### What you will do:
The answer should hold only the lines from the one containing "Agenda for Mohammad Ibregeith, Beit Ummar" through the one containing "4/13 1.Access your" in the entries below, copied exactly, without pictures.

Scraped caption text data
· · ·

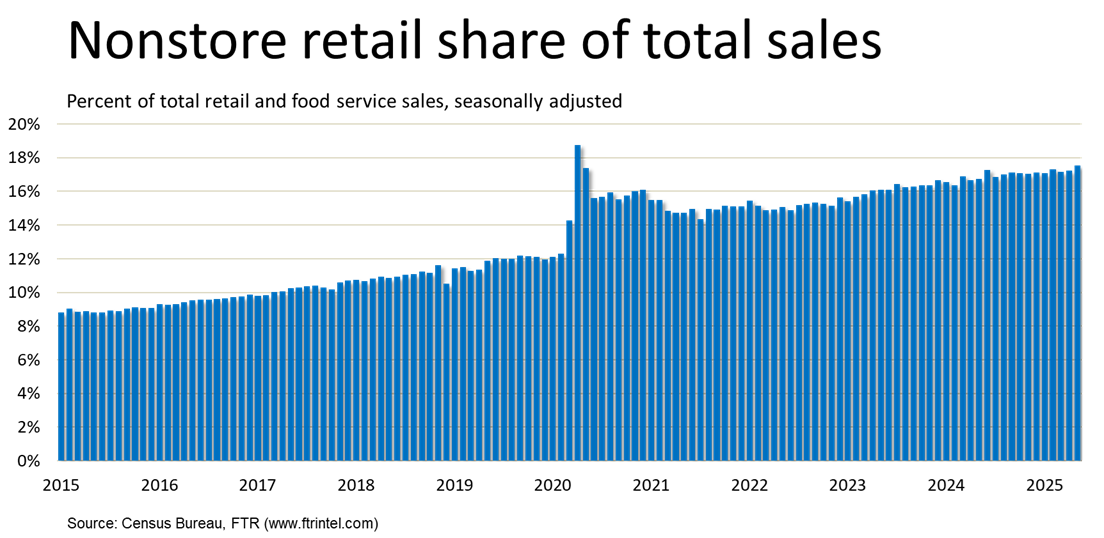 Nonstore retail share of total sales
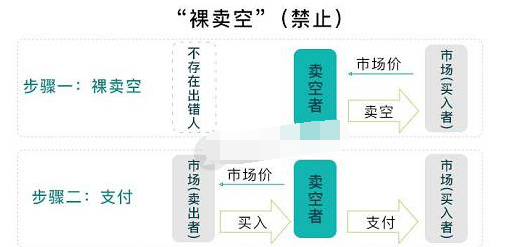 港股可以做空吗1.png 港股可以做空吗1.png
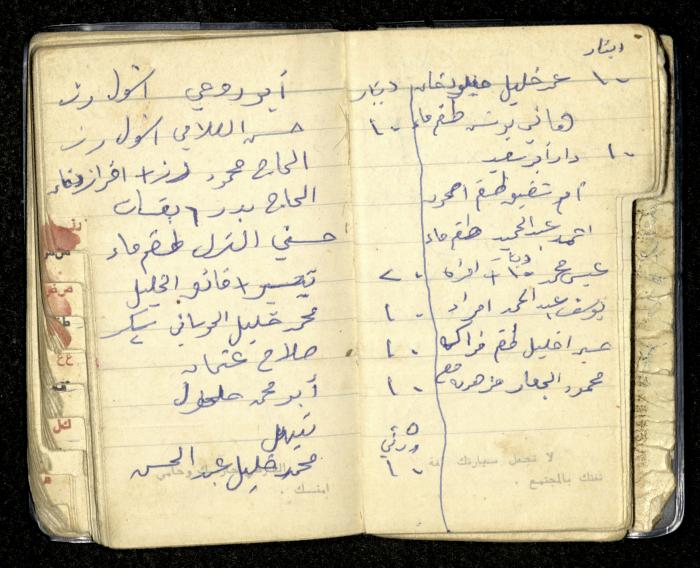 Agenda for Mohammad Ibregeith, Beit Ummar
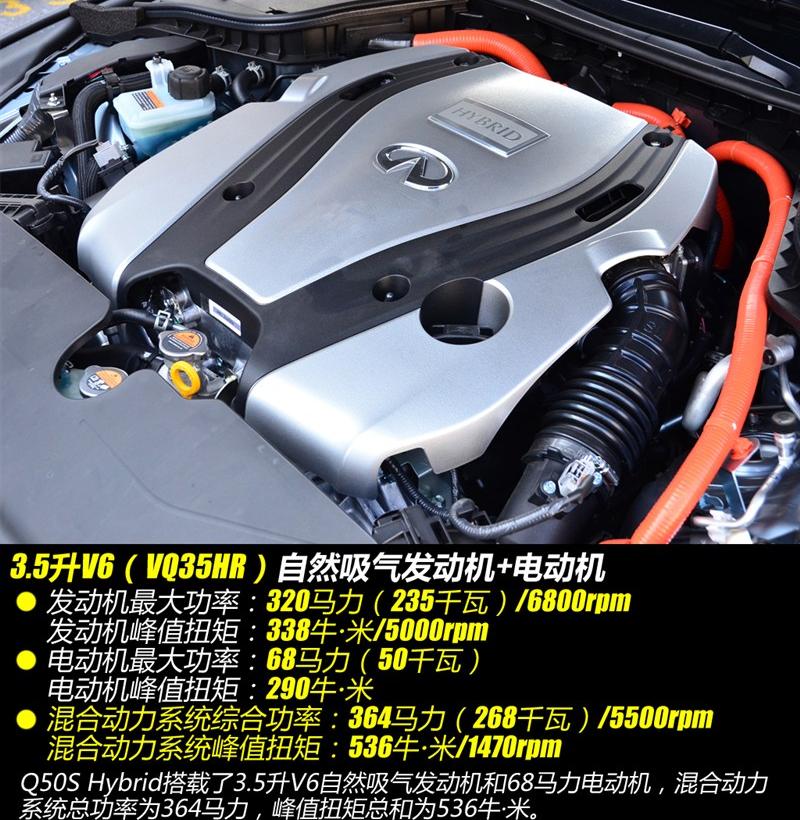 2014款 3.5L Hybrid 豪华运动版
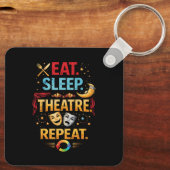Porte-clés Manger, Dormir, Théâtre, Répéter (Verso)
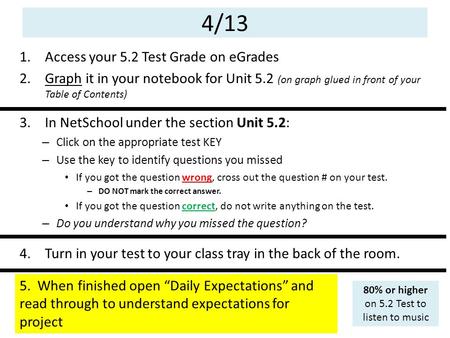 4/13 1.Access your 5.2 Test Grade on eGrades 2.Graph it in your notebook for Unit 5.2 (on graph glued in front of your Table of Contents) 3.In NetSchool.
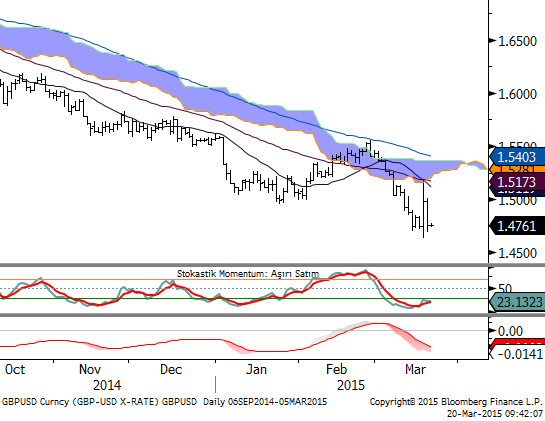 GBPUSD 20 Mart 2015 Cuma Stokastik momentum kısa vadede yukarı yönlü hareketlerin güçlenebileceğine işaret ediyor. 20 ile 50 günlük ortalamalarının kesiştiği 1.5059/1.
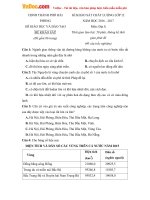 de thi thu thpt quoc gia nam 2017 mon dia ly so gd dt hai phong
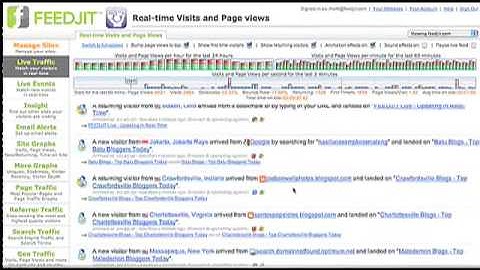Feedjit Pro - Live Traffic demo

· · ·

### Result for this exercise:
 Agenda for Mohammad Ibregeith, Beit Ummar
 2014款 3.5L Hybrid 豪华运动版
Porte-clés Manger, Dormir, Théâtre, Répéter (Verso)
 4/13 1.Access your 5.2 Test Grade on eGrades 2.Graph it in your notebook for Unit 5.2 (on graph glued in front of your Table of Contents) 3.In NetSchool.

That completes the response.